Leonardo da Vinci drew the earliest sketches of flying machines and airfoils. His first designs had flappable wings based on those of a bird. However later, his sketches contained models with fixed wings similar to those of bats. He never, however, built successful full-scale models of his designs. In 1799, Sir George Cayley was the first to build a successful, fixed wing, model glider. The Wright brothers in 1903, achieved the first man-powered, heavier than air, controlled flight. Their airfoils were warpable, and they used pulleys to change wing shape and control flight.

QUASAM research began in the USSR in the early 1960s. The first diamond like films were grown in 1962, but they were not stable until 1978. For the next 20 years, many applications for this precursor to QUASAM were found, mainly as packaging for fragile items. When it was combined with metals, the material became invaluable to the world of electronics, having a wide range of conductivity. In 1997, QUASAM itself went into development. QUASAM differed from its precursor in that it was perfectly setup on the molecular level. QUASAM's properties include incredible strength, corrosive resistance, and the ability to withstand high temperature operations. [Dr Dorfman e-mails: Feb 2003]

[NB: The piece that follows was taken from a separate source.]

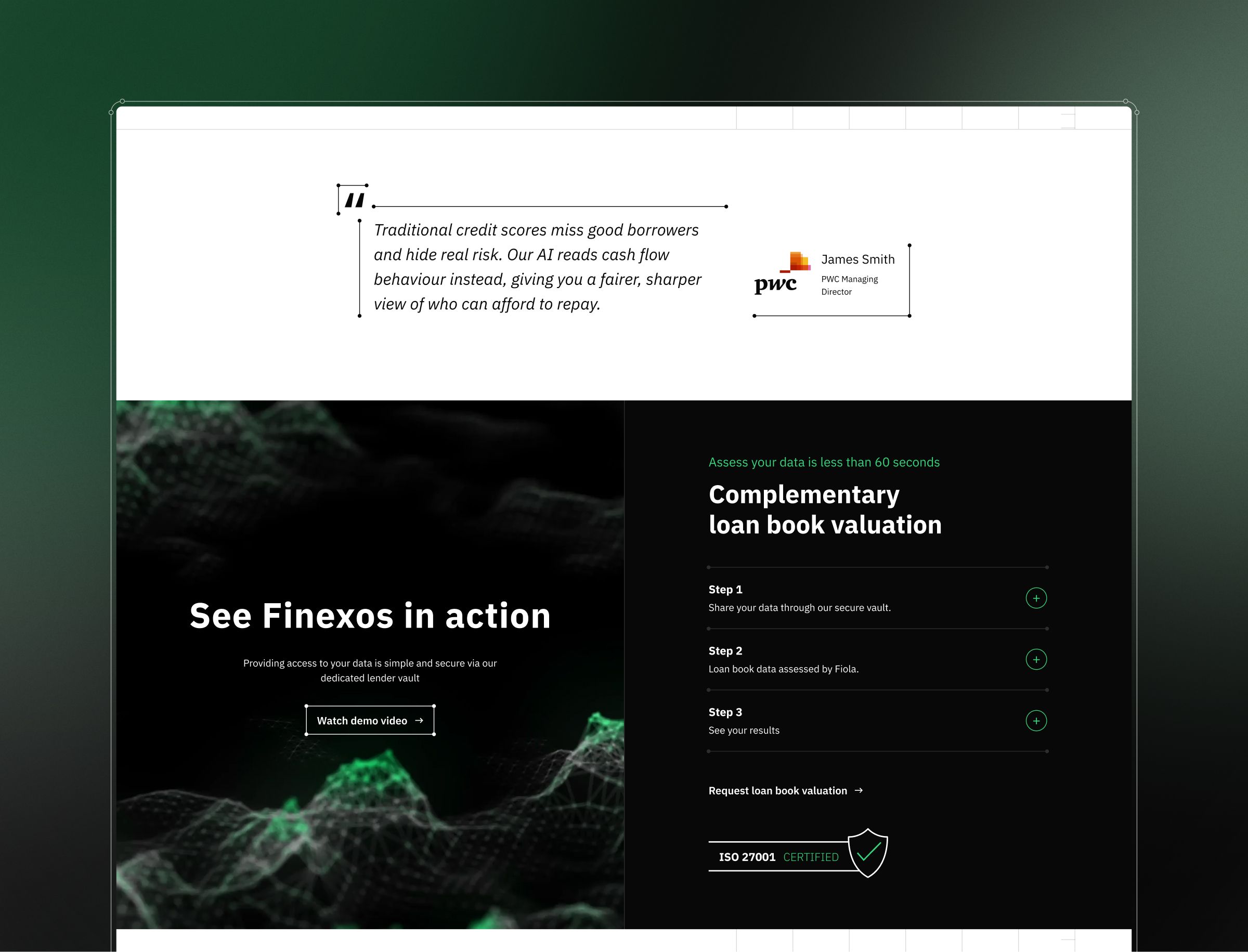 A webpage displaying PwC's Finexos loan valuation tool with a quote about credit scores, a "See Finexos in action" section with a demo video link, and a three-step complementary loan book valuation process.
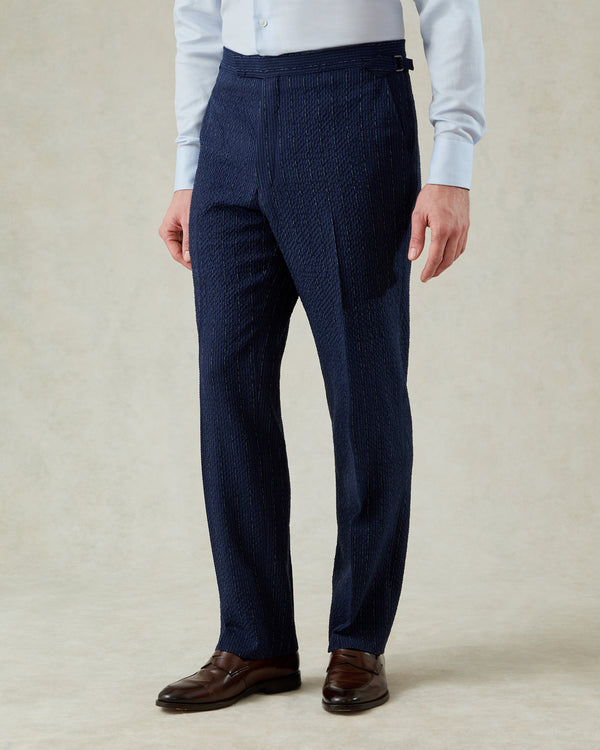 gieves & hawkes Harrison Seersucker Morse Code Suit Trouser Navy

Pierre and Jacques Curie experimented with tourmaline, Rochelle salt, topaz, and sugar cane around 1880. They realized these crystal materials expanded and contracted in a steady manner when voltage was applied; and when pressure was applied, they produced a voltage. While determining the cuts of these crystals they realized the one-to-one ratio between the electrical effects and mechanical stress. In 1881 a mathematician, Lippman, created a theorem that supported the Curie brother's hypothesis. In World War I, P. Langevin attempted to concoct a sonar detector using piezoelectrics. Since his efforts piezoelectrics have been used in sonar transducers, and now we also use them in smoke detectors, printers, and amplifiers.

Cite three detailed examples of research done in the past 3 to 5 years which focused on the NCT technical application the team selected. Include:

  • the funding agency,
  • the principal investigator name, and
  • the institution where the research is or was being conducted.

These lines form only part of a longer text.